Over the last couple of weeks I’ve noticed that when I’ve gone into the bathroom at work there’s always a guy in the toilet stall. In the last few days I’ve come to realize that it’s always the same guy.
There’s always a certain amount of intrigue involved in the stall in the bathroom. You never know who it is when you first walk in but try to take a sideways glance to see if you recognize their shoes or pants but it’s only a quick glance since you don’t want them to catch you peeking through the crack at them, you sick silly! “Why do you want to know?” you may ask. I want to know because if I happen to know the person it’s a chance to make some collegial small talk about sports, or weather, or whatever.
“Hey there Sanders from Accounting, how’s it goin today?”
“Not bad Wakefield, not bad. You see the game last night?”
“Yeah, what did you think?” [I of course haven’t watched any games and don’t know what he’s talking about]
“I think if they’d can [coach’s name] they’d be a helluva lot better.”

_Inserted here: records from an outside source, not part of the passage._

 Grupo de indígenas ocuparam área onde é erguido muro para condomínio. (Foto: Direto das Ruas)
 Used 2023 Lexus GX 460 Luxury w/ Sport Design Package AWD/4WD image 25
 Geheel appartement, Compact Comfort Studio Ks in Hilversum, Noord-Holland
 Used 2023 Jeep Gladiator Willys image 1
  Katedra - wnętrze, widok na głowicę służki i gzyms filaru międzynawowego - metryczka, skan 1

“I hear ya. Take ’er easy Sanders.”
“Seeya Wakefield.”
There you go, connection is made, networks blossom, my corporate career is one tick closer to lift off! Whatever.

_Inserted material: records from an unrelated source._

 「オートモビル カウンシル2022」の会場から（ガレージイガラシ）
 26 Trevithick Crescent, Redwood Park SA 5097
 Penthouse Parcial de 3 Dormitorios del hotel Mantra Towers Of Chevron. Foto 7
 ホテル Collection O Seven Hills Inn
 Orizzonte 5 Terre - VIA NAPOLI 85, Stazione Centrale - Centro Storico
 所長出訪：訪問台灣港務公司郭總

As a side note, there are three urinals in the bathroom I use at work, two talls on either side and a short in the middle. It seems that hardly anyone uses the middle stall, it’s practically spotless. The reasons are fairly obvious. I hate to spill bathroom secrets but here goes: When a guy walks into a bathroom and there are three urinals he will never go to the middle one. He will go to either of the side ones because then if someone walks in he knows that they will go to the farthest one themselves and if they don’t they are probably out to check him out and ask him out for a drink after work. Imagine my delight to find a pristine urinal with a fresh cake, ready for use. Now it’s all I use…unless someone else is there of course.
So back to the guy in the stall.
I have yet to figure out who he is. I never see him go in or leave while I am in there and I can’t exactly stand around and wait. I’ve got things to do, customers to help! I ask other people and they don’t seem to notice. I only know it’s him because of his shoes and the fact that he’s always reading a newspaper. One time I swear I could smell coffee brewing…I’ll keep you posted.